I install a full sheet of foundation in the frames. Three of these will fit in a medium frame; two up and one upside down. The bees don't care. I put these frames in a strong hive to be drawn out. This eliminates the stress on the bees placed in the mini nuc. About two cups of young bees are placed in the mini nuc. At the end of the year, the bees are dumped out and they drift back to other hives.
Here is a link to some pics and instructions:
http://nordykebeefarm.com/forum/forum_posts.asp?TID=46&PN=1
Jon


----------



## bleta12 (Feb 28, 2007)

Jon McFadden said:


> Making your own mini nucs is simple. The ones I make cost me $1 ea if you make all 16 you can get from a sheet.
> I install a full sheet of foundation in the frames. Three of these will fit in a medium frame; two up and one upside down. The bees don't care. I put these frames in a strong hive to be drawn out. This eliminates the stress on the bees placed in the mini nuc. About two cups of young bees are placed in the mini nuc. At the end of the year, the bees are dumped out and they drift back to other hives.
> Here is a link to some pics and instructions:
> http://nordykebeefarm.com/forum/forum_posts.asp?TID=46&PN=1
> Jon


What kind of styrofoam is that?, where can you get it and what is the expected life time?

Gilman


----------



## Jon McFadden (Mar 26, 2005)

Hi Gilman,
Extruded foam is solid and doesn't exhibit the beads the other styrofoam does. 
The sheet we bought came from Lowe's.
Jon


----------



## danwyns (Nov 11, 2007)

*drawing nuc frames/overwintering using "mother" hives*

In managing our nucs with mini frames we have found the use of "mother" hives to have several advantages including getting comb drawn, repairing failing nucs, supplying drones and ease of spring setup/autumn breakdown. 
I am not sure if this is common practice, but it sounds like a different tactic from what Chief and others are doing, so I offer it to expand the discussion.

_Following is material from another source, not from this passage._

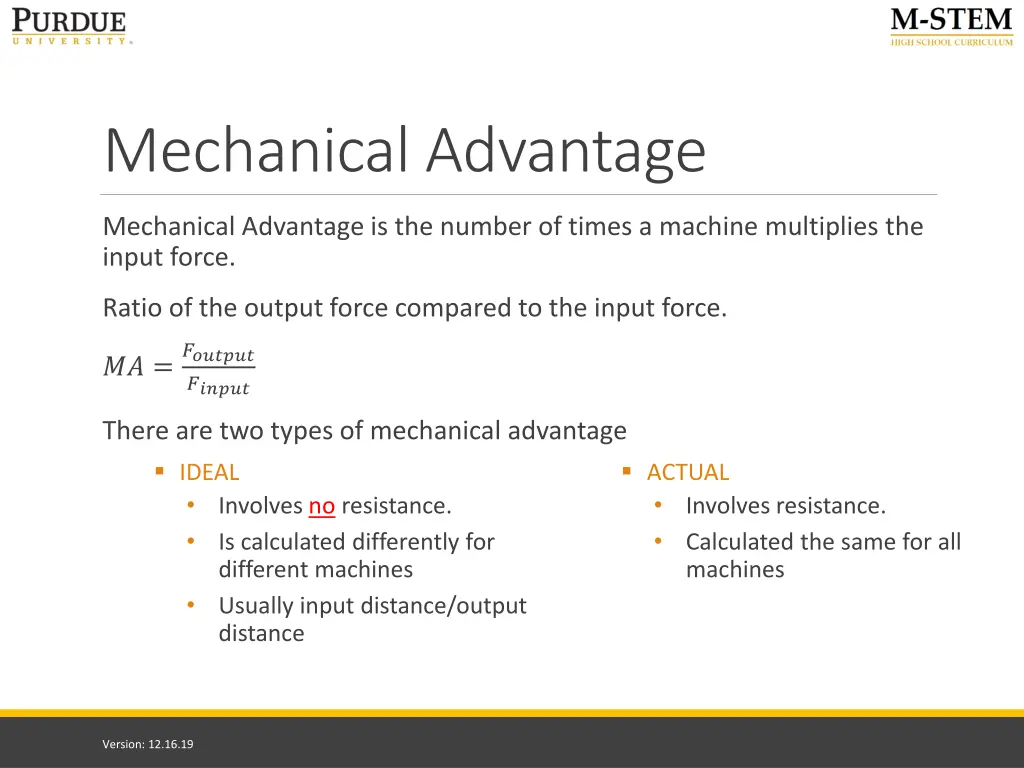 mechanical advantage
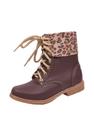 Bota Coturno Infantil Menina Cadarço Detalhe Onça Café Bota Coturno Infantil Menina Cadarço Detalhe Onça Café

Our nucs have 5 - 1/2 width medium depth frames w/ plastic foundation. Mother hive boxes are regular medium depths with a center board running parallel to the ends that is recessed the same depth as end rebates to allow 2 rows of 10 mini frames. Using these mother boxes new nuc frames can be placed on any hive and are rapidly drawn/laid out in a good flow or w/feed.

Mother hives are overwintered as 2/3 story (40/60 frame). Once spring buildup is well underway (late august here) and there is plenty of brood these can then be broken down into nucs. A nuc gets 2 brood, 2 honey/pollen, 1 empty + .5 L feed + 1 cup bulk bees (in addition to the bees on the 5 frames) + queen cell and has its entrance sponged to prevent bee escape-- the hive can still "breath" through the steel mesh of the robbing screen. Nucs are then left in the shade until transport to yard and removal of sponge at dusk. First caging occurs after 3 weeks and every 3rd week thereafter.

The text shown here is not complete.